"They'll find other opportunities to make up the hours. You're management now, Alicia. You're not an associate. Stop pretending that you are. Will the other associates grumble about you? Yes. But if you pretend you're still their peer, they will grumble all the more, and they will come to hate you. This is not the Queen's Hamlet. You cannot dress up as a peasant here. So stop it. It is galling to them, and it is galling to me."
Gorgeous. And not only fair in that Diane Lockhart way that brooks no nonsense, but also a perfect description of where Alicia's at: Dividing the pie into so many pieces that everybody goes hungry, Alicia most of all. To be middle-management is to be caught in the middle, and it involves a learning curve full of overcorrection one way or the other, and it involves invisible walls and windows above and below you, that you must acknowledge but never admit aloud. It is galling to do otherwise.

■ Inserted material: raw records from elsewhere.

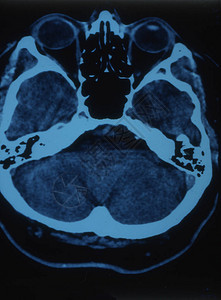 射线图像中带大脑的人头图片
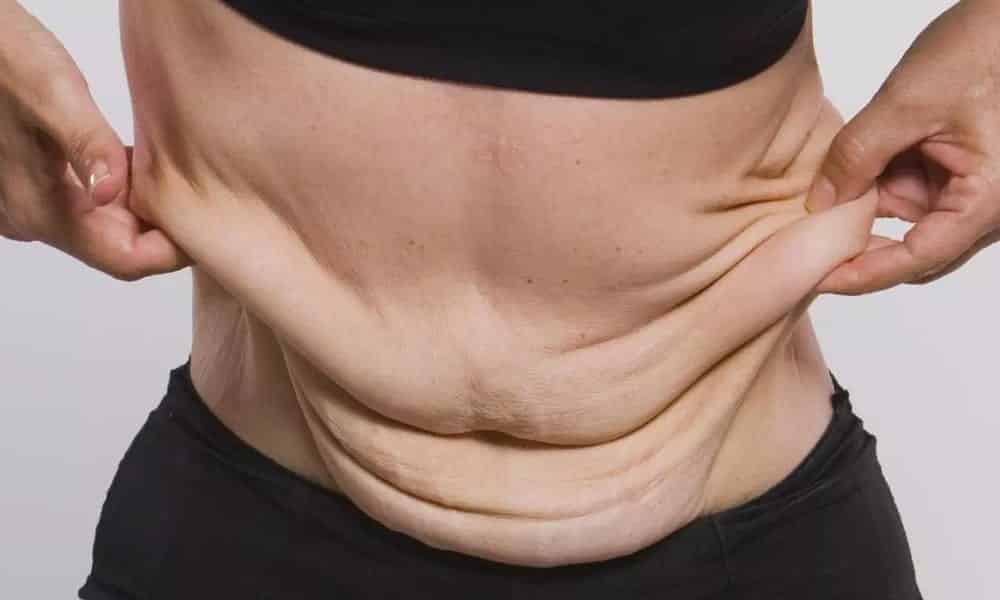 7 dicas valiosas para acabar com a flacidez do seu corpo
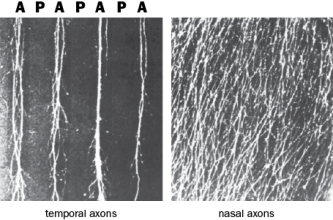Temporal and nasal RGC axons behave very differently in the stripe assay with alternating anterior and posterior tectal membranes, as seen in Figure Q5-4.   Figure Q5-4 A. What possible interpretations can be drawn from the selective growth of temporal RGC axons in this assay? B. What possible interpretations can be drawn from the indiscriminate growth of nasal RGC axons in this assay?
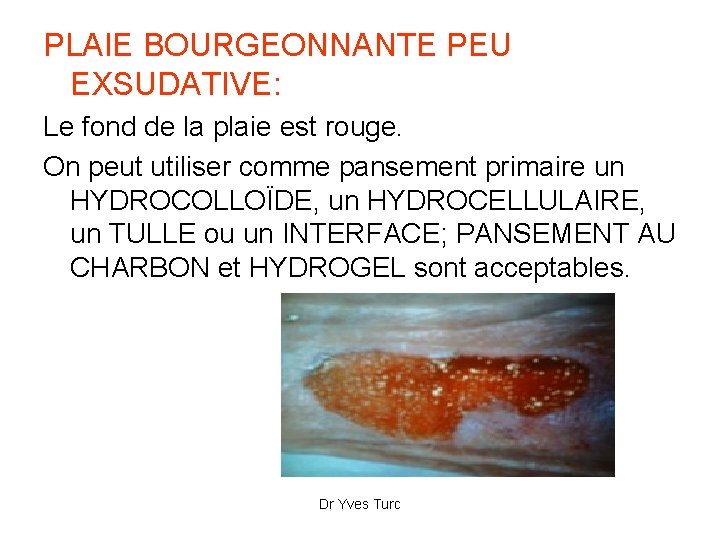 PLAIE BOURGEONNANTE PEU EXSUDATIVE: Le fond de la plaie est rouge. On peut utiliser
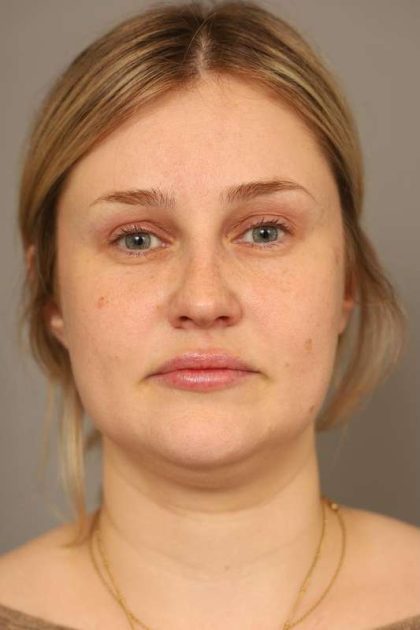Neck Liposuction / Chin Liposuction Before & After Patient #1703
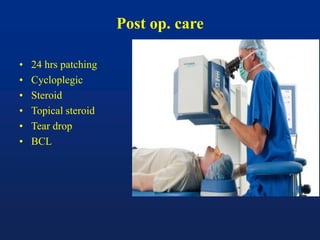 Post op. care
• 24 hrs patching
• Cycloplegic
• Steroid
• Topical steroid
• Tear drop
• BCL
 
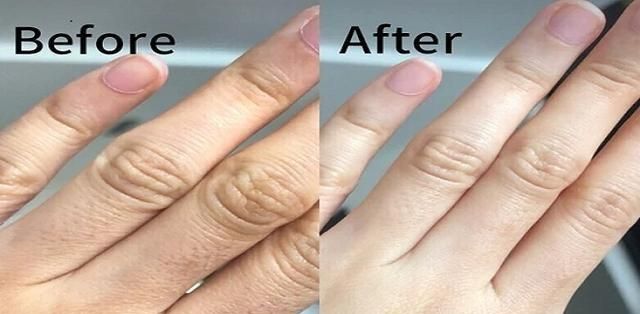 如何将手部快速变得光滑白嫩,双手变白嫩的小妙招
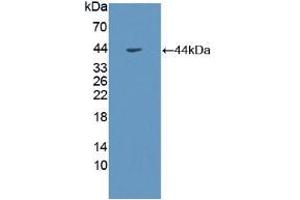 Western blot analysis of recombinant Human GHR. (Growth Hormone Receptor 抗体  (AA 315-574))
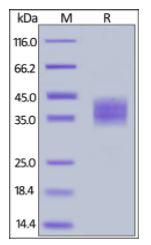 Human B7-H3, His Tag on SDS-PAGE under reducing (R) condition. The gel was stained overnight with Coomassie Blue. The purity of the protein is greater than 95%.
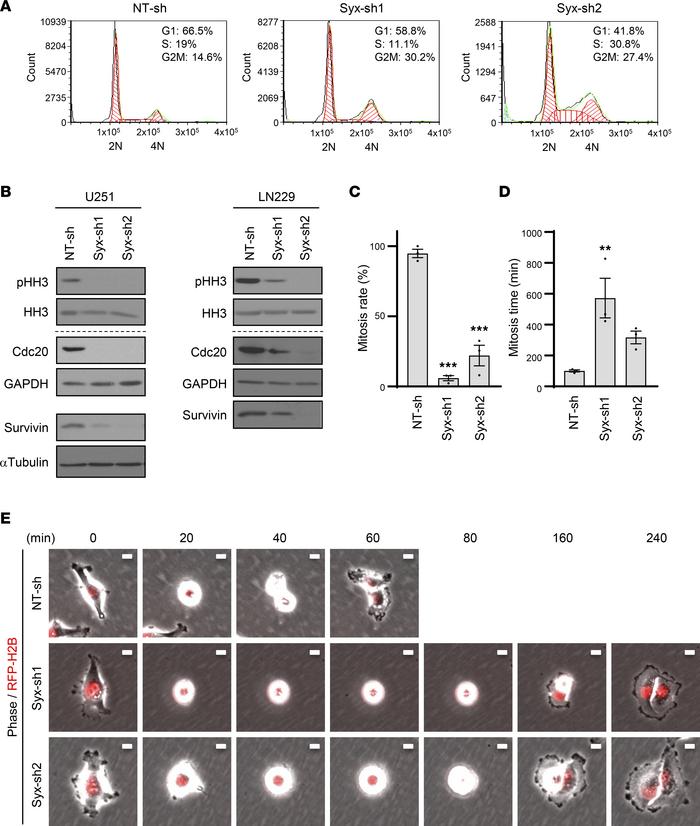 Syx is required for GBM cell cycle progression and mitosis.
(A) Represen...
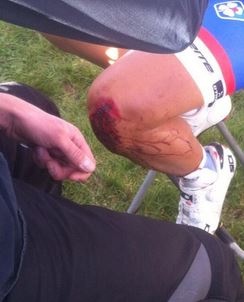 bouhanni-knee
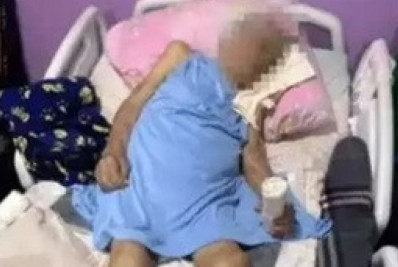 Idosa de 103 anos tem pé amputado em casa por enfermeira e sem anestesia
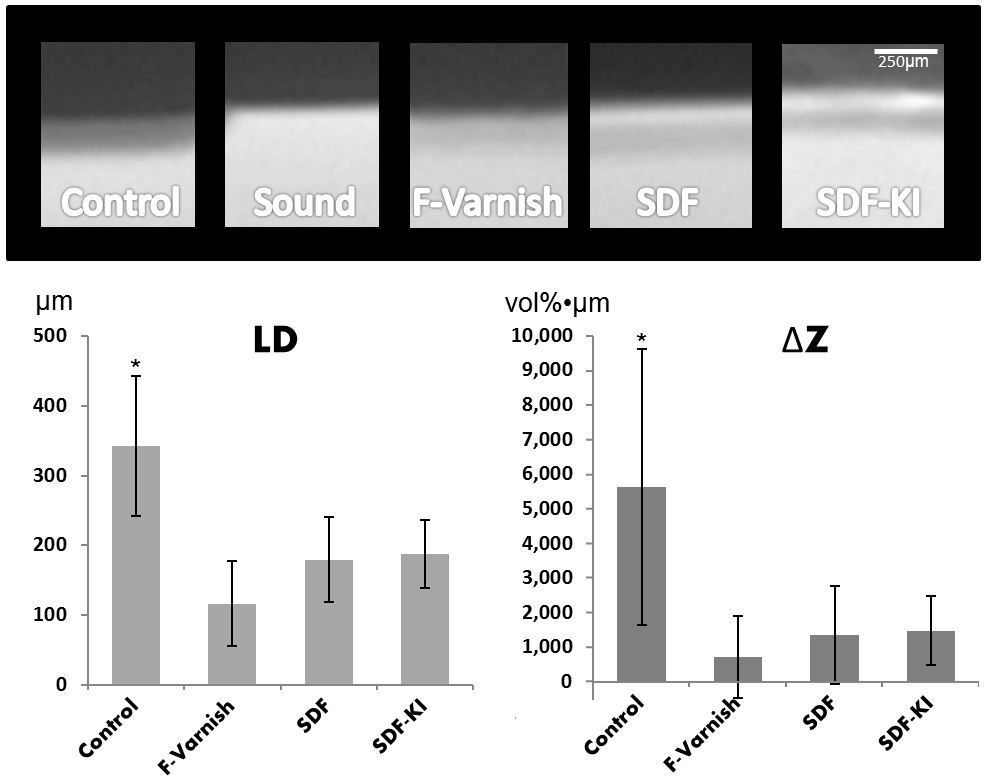 Top: Representative MicroCT images averaged axially over the volume of interest in each group. Bottom: Graphical representation of the results. Asterisk (*) indicates statistical significance (p<0.05).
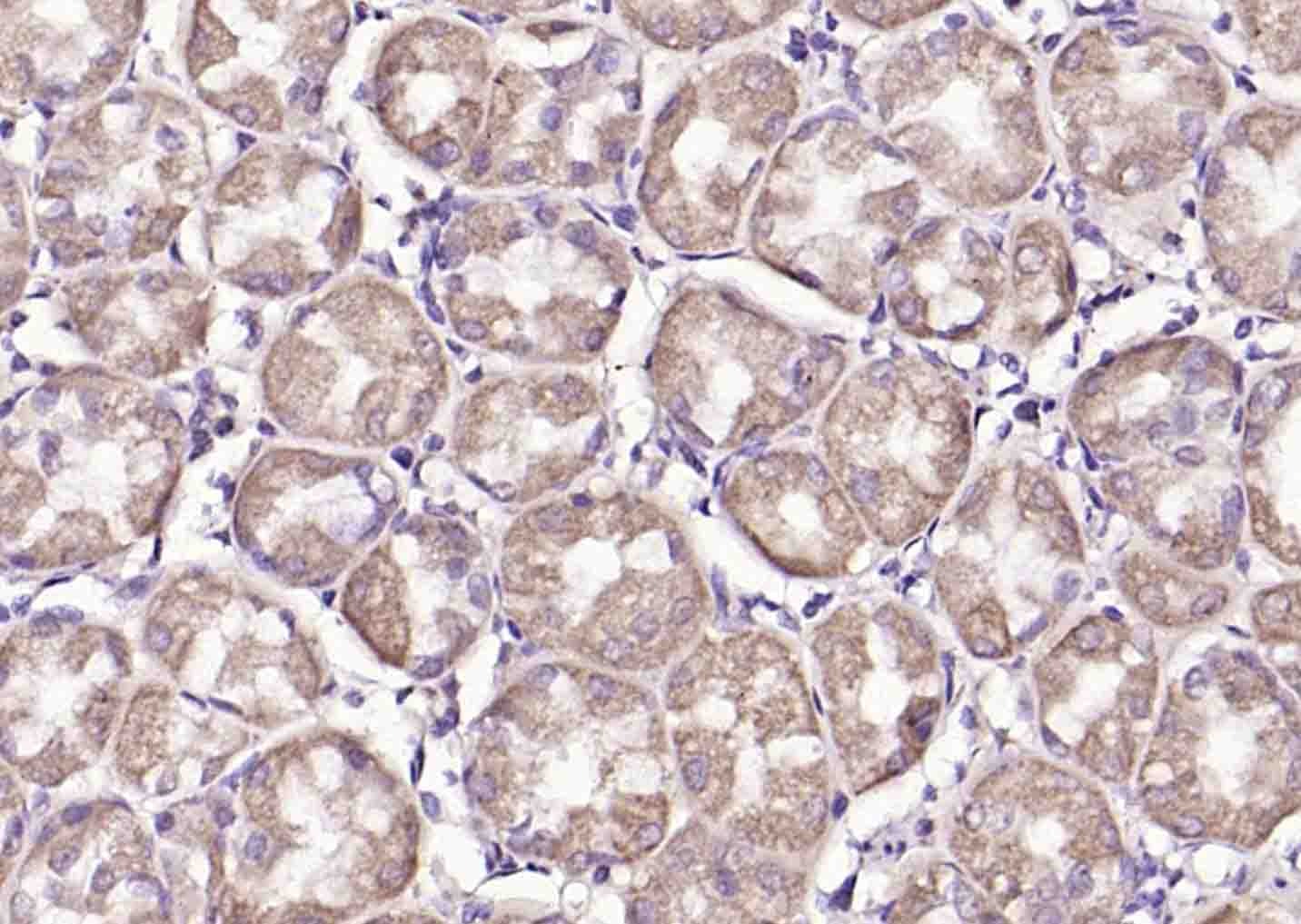 Anti-PDHA1 Polyclonal Antibody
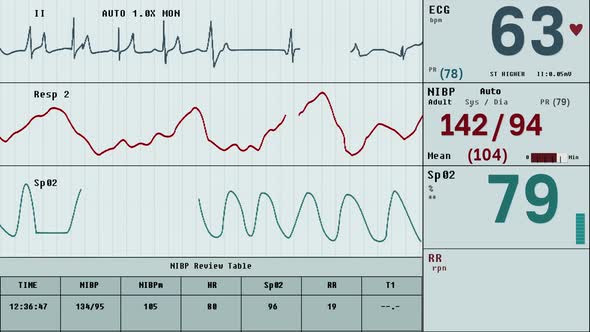 Modern medical equipment is showing a rapid decline in the patients pulse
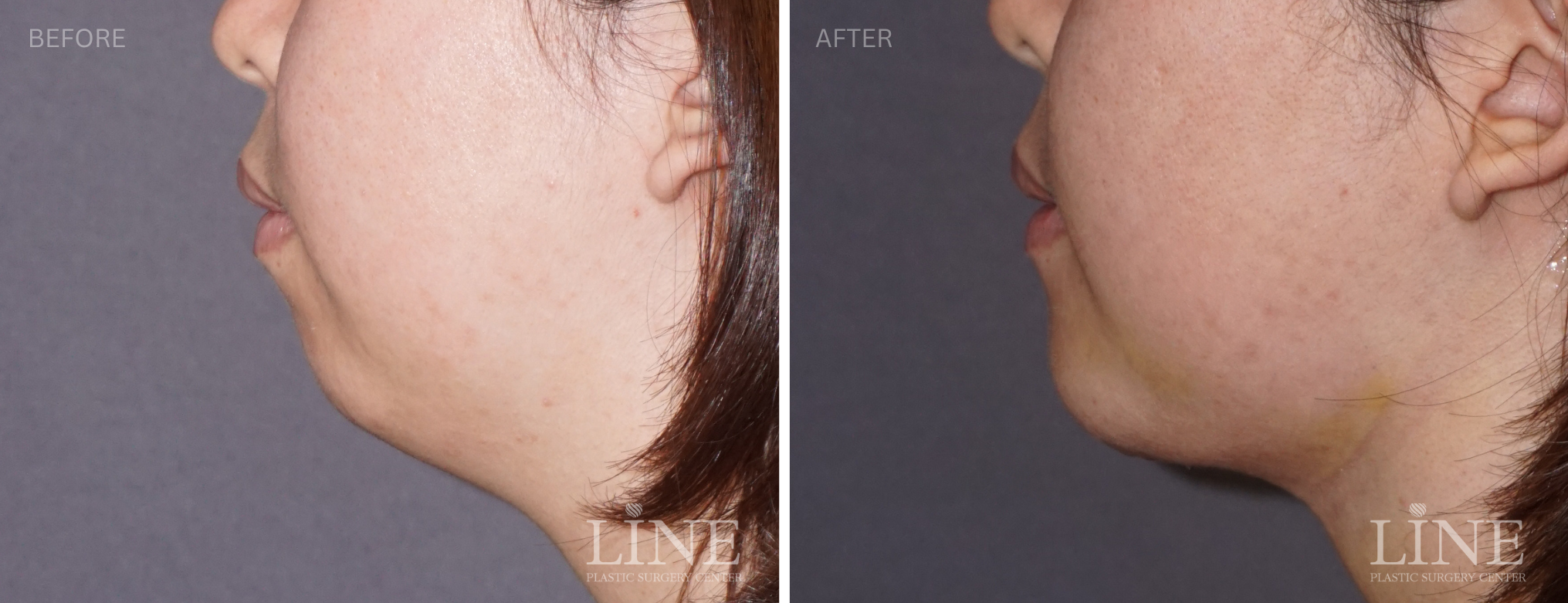 CHIN IMPLANT (9)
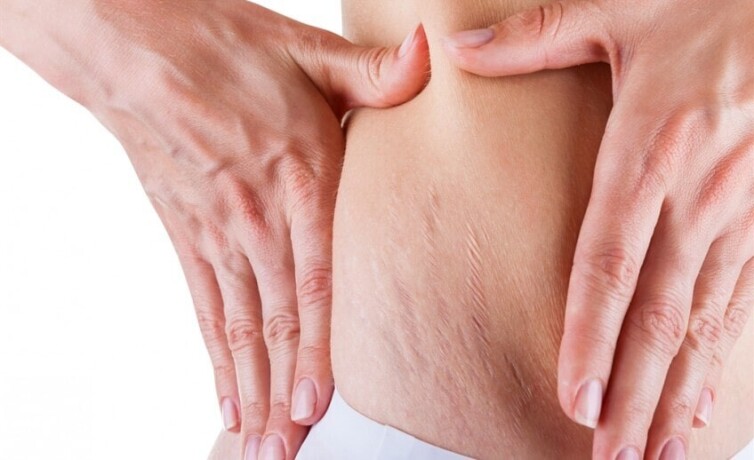 stretch-marks-treatment-in-delhi-big-0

How do you solve a problem like Alicia? Take the thing she's doing -- a kind, a compassionate, an equitable thing that solves nothing -- and put it in the context of her greatest fear: Causing offense, being the bad guy. Confusing nice with kind, and soft with weak. The powerlessness of power, when you confuse authority with stewardship and vice versa. She has a tremendous capacity for learning this one, because she's hyperaware, always, of other people's internal states, but she has to stop reacting to that instinctively, like she usually does, and start acting on it intellectually, like Will usually does.